The project will be based on established primary human patient tissue slice culture, cell line and mouse model systems. You will be applying an array of routine molecular biology analysis techniques, as well as novel state-of-the-art approaches- human tissue RNA sm-FISH, imaging mass cytometry and spatial transcriptomics.

To apply, please check here

10. Wellcome Trust- Medical Research Council Cambridge Stem Cell Institute 
Dr Matthias Zilbauer, Dr Namshik Han (Unviersity of Cambridge) and Dr Daniel Corridoni, Dr Tatiana Ort (AstraZeneca)

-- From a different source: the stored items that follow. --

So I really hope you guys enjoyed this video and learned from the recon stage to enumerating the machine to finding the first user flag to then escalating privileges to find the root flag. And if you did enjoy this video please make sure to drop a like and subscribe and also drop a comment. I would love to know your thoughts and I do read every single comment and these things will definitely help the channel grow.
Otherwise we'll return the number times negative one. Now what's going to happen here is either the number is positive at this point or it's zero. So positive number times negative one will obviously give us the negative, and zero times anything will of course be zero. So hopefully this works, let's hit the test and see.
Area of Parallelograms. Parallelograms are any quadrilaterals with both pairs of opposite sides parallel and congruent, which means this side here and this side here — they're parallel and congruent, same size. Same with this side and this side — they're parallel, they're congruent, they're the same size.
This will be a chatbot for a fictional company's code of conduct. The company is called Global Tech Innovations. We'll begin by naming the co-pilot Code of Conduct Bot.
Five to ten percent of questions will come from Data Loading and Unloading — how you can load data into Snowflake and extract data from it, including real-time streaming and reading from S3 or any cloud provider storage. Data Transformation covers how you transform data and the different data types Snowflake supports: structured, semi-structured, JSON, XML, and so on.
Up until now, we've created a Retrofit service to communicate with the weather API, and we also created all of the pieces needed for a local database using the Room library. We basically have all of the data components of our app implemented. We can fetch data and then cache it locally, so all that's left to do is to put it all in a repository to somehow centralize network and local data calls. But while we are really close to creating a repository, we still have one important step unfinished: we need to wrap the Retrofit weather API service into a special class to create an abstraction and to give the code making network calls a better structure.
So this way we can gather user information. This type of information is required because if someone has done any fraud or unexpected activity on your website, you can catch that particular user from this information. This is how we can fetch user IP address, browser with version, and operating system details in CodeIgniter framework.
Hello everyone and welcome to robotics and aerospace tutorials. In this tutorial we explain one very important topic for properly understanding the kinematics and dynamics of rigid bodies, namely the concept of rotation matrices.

Project Title: Developing novel molecular classifier and novel treatment approaches for childhood onset Inflammatory Bowel Diseases

Inflammatory Bowel Diseases (IBD) such as Crohn's Disease (CD) and Ulcerative Colitis (UC) cause chronic, relapsing inflammation of the intestine. In the absence of a cure, patients suffer a lifetime of debilitating symptoms. In spite of the major healthcare burden caused by these conditions and in light of rapidly increasing incidences globally, we urgently need to advance our understanding of disease pathogenesis in order to develop improved treatments. This project aims to develop and apply novel computational methods to existing and newly generated molecular multimodal datasets derived from primary human tissue samples as well as patient-derived intestinal organoids. Specifically, we will develop novel molecular disease classifiers in order to personalise treatment of IBD patients. Furthermore, analyses of cell type specific as well as single cell molecular profiles will allow us to develop novel treatment targets which will then be tested on our patient-derived organoid models to identify the most promising candidates for further development into novel treatments.

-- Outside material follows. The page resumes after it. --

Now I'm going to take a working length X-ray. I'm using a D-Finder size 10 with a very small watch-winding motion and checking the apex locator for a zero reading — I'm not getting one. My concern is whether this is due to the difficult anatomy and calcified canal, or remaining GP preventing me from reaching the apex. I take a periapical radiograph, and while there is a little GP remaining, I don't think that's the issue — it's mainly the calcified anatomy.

 This PhD program offers the unique opportunity to work at the interface of basic science and clinical medicine aiming to train independent, innovative scientists capable of delivering translational research using cutting edge computational methodologies.

To apply, please check here

11. Department of Medicine
Dr. Menna Clatworthy (University of Cambridge) and Dr Georgina Bowyer (AstraZeneca)

Project Title: Ex vivo modelling of human lymphoid organs to interrogate the mechanisms of action of myeloid checkpoint inhibitors

Checkpoint inhibitors targeting inhibitory molecules on T cells (PD1, CTLA4) to reinvigorate tumour killing, have had great clinical success in some cancers but not others, and even in those cancers with good responses, 60-80% of patients fail to respond. Myeloid cells are a major component of the tumour microenvironment, and can be either pro- or anti-tumourogenic. Therefore, one major strategy being developed is myeloid checkpoint inhibition which, combined with traditional checkpoint inhibitors, may release T-cell killing and expand the proportion of responsive patients.

The mechanisms of these checkpoint inhibitors can be difficult to model in vivo or using cell lines. Using human tissue, this project will utilise the Clatworthy lab's world-leading capabilities in advanced imaging and single-cell RNA sequencing, together with AstraZeneca's experience in co-culture assays to develop complex 3D models that better recapitulate the tumour microenvironment and use these to gain a deeper mechanistic understanding of candidate drugs.

The successful candidate should have (or expect to obtain by the start date) at least a 2:1 honours degree (or equivalent) in a relevant subject. This PhD offers the unique opportunity to work at the interface of basic science and clinical medicine in both academic and industry settings. The successful candidate will have a deep interest in cancer immunology and wish to apply this to clinically relevant problems. They should be enthusiastic, focused and able to work well both independently and as part of a team. Prior experience in cell culture or working with primary human tissue would be advantageous but full training will be given.